The case has been ongoing for 2-3 years. Most recently there has been a hearing on a Motion for Sanctions against Fidelity/LPS that was filed by the US Trustee. The hearing was in December of last year, and I believe that Trustees motion was filed in May of last year.
Each of the parties, pursuant to court order, have submitted post trial, or post hearing, briefs. After reading the post trial brief submitted by the US Trustee I wait with baited breath for the transcript of that hearing to become available.
US Trustees Post Trial Brief is available here:
http://www.scribd.com/doc/48428649/296-Post-Trial-Brief-Filed-by-Office-of-Us-Trustee
The full docket of the case, up to 2-7-2011, is available here:
http://www.scribd.com/doc/48428916/Docket-in-RE-Wilson-2-7-2011
The Post Trial Brief submitted by Fidelity/LPS is available here:
http://www.scribd.com/doc/48443033/In-Re-Wilson-LPS-Post-Trial-Brief-01-Feb-2011
Many other case documents are available here:
http://www.scribd.com/my_document_collections/2703232
Each of these cases takes on additional import and significance when read together.
Does it bother any one else that we have lost touch with the actual work of these subject companies? I want to beg your pardon for shouting, but
THEY CREATE FICTIONAL DOCUMENTS TO SUBSTITUTE FOR THE REAL DOCUMENTS THEIR CLIENTS DESTROYED.
Sorry, when the discovery gets to the point, wait….
It has gotten to that point and the legal semantics are hiding the moose, spotlighting on a flea.

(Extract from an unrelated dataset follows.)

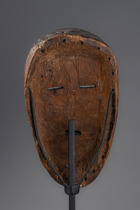 Anthropomorphic face mask "deangle", Côte d'Ivoire, Dan, Size: H: 25 cm (H: 9.8 inch), ID: 3050920 - 3/4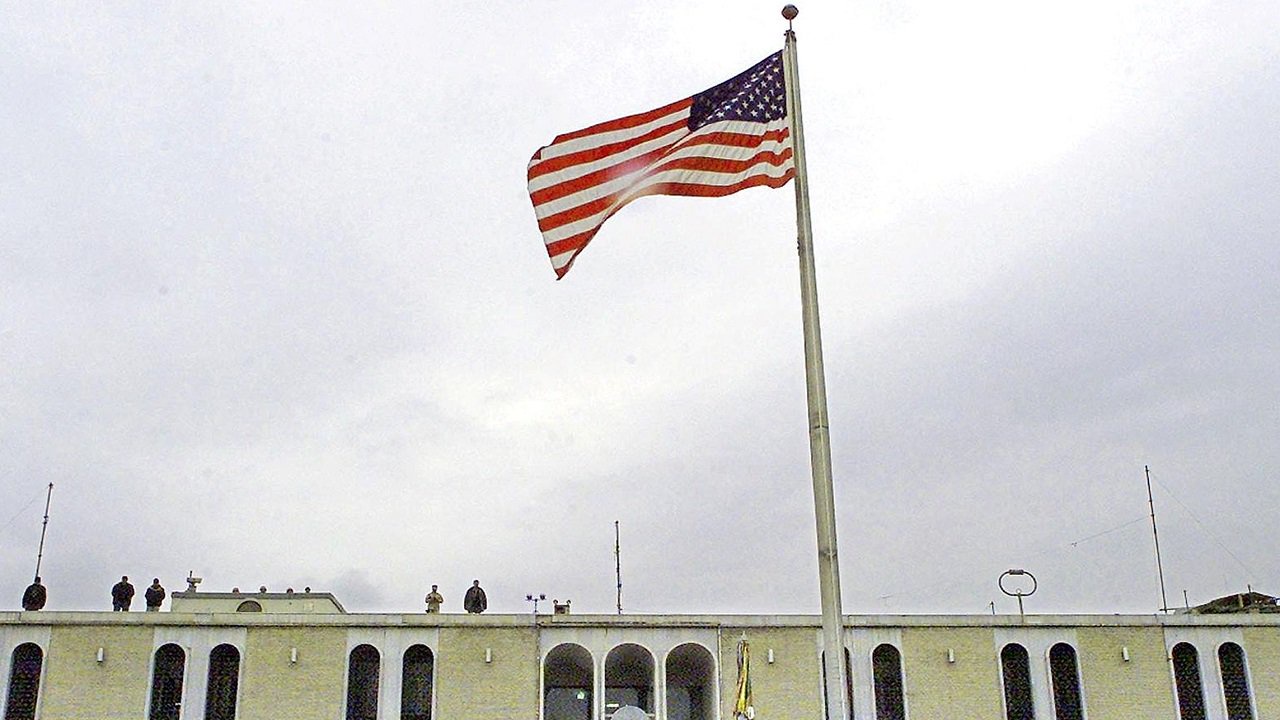 إنزال عَلَم سفارة الولايات المتحدة في أفغانستان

Please restrain yourself. if there are any more outbursts like this I will clear the courtroom! The jury will disregard the mention of “fictional documents”.
You have no idea about the illegal stuff going on at this company. The employees are not trained at all on how to handle these files. Employees are constantly told to swim or drown when questions about outdated files are asked. Employees are given answers to certification test required by law. Files are passed around from processor to processor until foreclosure dates are set. If a borrower requests a call back, processors and supervisors take down borrower’s contact info fully knowing they have no intention of calling these borrowers back. There is no sense of helping anyone and the majority of time, employees are told to give borrowers incorrect information concerning HAFA requirements. It’s a nightmare. How do I know? I work there.